Anthropic's Mythos AI Builds Working Exploits, Cloudflare Warns

The line between vulnerability discovery and weaponization just got dangerously thin. Anthropic’s Mythos Preview, a security-focused AI model, has crossed a threshold no frontier model has cleared before: it doesn’t just find bugs it chains them into working proof-of-concept exploits.

That’s the central finding from Cloudflare’s security team, which spent several weeks running Mythos Preview against more than fifty internal repositories as part of Anthropic’s invite-only Project Glasswing.

The results carry a serious message for defenders and threat actors alike an AI can now close the gap between “we found a flaw” and “here is a working exploit.”

Earlier frontier models tested by Cloudflare could identify individual vulnerabilities and write coherent write-ups about why they mattered. What they consistently failed to do was finish the job. Exploit chains were left incomplete, and exploitability remained unproven.

Mythos Preview changes that in two concrete ways.

Exploit chain construction enables the model to take multiple low-severity primitives a use-after-free bug, an arbitrary read/write, a return-oriented programming (ROP) gadget and reason about how they combine into a single, higher-severity working exploit. Bugs that would have quietly rotted in a security backlog become actionable attack paths.

Proof generation means the model writes code to trigger a suspected bug, compiles it in a sandboxed environment, runs it, reads the failure, adjusts its hypothesis, and iterates until exploitability is confirmed or ruled out.

Every confirmed finding arrives with a PoC attached, dramatically reducing triage time for security teams.

False positives remain a persistent challenge in AI-driven vulnerability research.
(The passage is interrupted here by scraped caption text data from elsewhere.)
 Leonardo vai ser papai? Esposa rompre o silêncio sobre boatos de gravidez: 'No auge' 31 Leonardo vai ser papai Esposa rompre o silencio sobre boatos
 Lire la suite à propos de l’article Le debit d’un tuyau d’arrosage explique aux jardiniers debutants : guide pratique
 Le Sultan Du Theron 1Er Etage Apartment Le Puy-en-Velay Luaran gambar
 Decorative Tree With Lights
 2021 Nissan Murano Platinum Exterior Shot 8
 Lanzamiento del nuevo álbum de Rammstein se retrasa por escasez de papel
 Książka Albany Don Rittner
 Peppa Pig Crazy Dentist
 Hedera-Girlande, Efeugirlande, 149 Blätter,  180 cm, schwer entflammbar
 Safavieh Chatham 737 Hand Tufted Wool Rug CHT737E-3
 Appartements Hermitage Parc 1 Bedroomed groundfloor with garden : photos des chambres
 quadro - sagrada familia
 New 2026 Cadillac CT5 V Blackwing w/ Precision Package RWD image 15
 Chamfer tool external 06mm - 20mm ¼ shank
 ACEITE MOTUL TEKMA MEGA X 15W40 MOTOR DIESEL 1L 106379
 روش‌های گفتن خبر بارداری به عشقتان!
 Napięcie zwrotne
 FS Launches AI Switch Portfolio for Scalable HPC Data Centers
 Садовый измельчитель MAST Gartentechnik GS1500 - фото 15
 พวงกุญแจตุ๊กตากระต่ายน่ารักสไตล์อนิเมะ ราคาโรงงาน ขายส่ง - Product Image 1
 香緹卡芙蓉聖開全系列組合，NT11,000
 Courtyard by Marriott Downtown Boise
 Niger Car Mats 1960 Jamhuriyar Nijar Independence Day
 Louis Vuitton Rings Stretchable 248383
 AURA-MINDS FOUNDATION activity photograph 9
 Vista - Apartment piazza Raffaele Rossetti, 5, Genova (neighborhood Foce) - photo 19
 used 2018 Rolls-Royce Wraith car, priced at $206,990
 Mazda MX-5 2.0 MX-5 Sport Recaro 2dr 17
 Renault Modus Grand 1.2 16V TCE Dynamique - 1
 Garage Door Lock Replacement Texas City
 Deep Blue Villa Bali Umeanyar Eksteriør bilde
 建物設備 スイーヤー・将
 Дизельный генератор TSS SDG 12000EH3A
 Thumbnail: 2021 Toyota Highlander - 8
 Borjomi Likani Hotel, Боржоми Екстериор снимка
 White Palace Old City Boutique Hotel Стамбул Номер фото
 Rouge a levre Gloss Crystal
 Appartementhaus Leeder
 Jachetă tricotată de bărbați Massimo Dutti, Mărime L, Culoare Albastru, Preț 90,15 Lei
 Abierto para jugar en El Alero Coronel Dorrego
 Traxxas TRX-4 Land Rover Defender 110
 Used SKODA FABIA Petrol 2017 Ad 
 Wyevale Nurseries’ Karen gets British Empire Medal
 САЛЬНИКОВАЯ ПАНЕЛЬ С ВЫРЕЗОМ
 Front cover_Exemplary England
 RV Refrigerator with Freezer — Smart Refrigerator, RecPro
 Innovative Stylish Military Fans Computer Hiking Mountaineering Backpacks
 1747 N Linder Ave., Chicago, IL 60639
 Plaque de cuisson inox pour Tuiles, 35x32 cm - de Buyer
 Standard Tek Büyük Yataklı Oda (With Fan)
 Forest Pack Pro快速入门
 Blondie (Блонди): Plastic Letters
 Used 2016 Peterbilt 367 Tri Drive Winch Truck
Two factors dominate noise rates: programming language (C and C++ codebases produced significantly more false findings than memory-safe languages like Rust) and model bias toward speculative reporting, flooding triage queues with hedged language like “possibly” and “could in theory.”

Mythos Preview noticeably reduces this problem. Its output features fewer hedged conclusions, clearer reproduction steps, and PoC code that compresses the fix-or-dismiss decision considerably.

Cloudflare found that pointing any AI model directly at a full repository produces poor coverage. Effective AI vulnerability research requires a custom execution harness built around several key principles:

Narrow scope — each agent task is scoped to a specific function, attack class, and trust boundary rather than a broad repository sweep
Adversarial review — a second independent agent using a different prompt and model attempts to disprove each finding, catching a significant fraction of noise the first agent misses
Chain splitting — separating “is this code buggy?” from “can an attacker reach this externally?” as distinct tasks produces sharper reasoning on both
Parallel narrow tasks — running roughly fifty concurrent agents on tightly scoped hypotheses, then deduplicating results, outperforms any single exhaustive agent

Their full pipeline spans recon, hunt, validate, gapfill, dedupe, trace, feedback, and report stages — with a final trace stage determining whether attacker-controlled input can actually reach a confirmed bug from an external entry point.

Despite operating under reduced safeguards within Project Glasswing, Mythos Preview exhibited organic refusals in some cases declining to write demonstration exploits, then completing equivalent tasks when framed differently.

Cloudflare flagged this directly: emergent guardrails are not a reliable safety boundary. Any future general availability of capable cyber-focused models will require additional, consistent safeguards layered on top.

The dual-use reality is explicit. The same capabilities that accelerated Cloudflare’s internal bug discovery will accelerate attacks against internet-facing applications.

Architectural defenses that sit in front of applications, limit blast radius, and enable simultaneous global patch rollout are increasingly urgent as the window between vulnerability disclosure and active exploitation continues to shrink.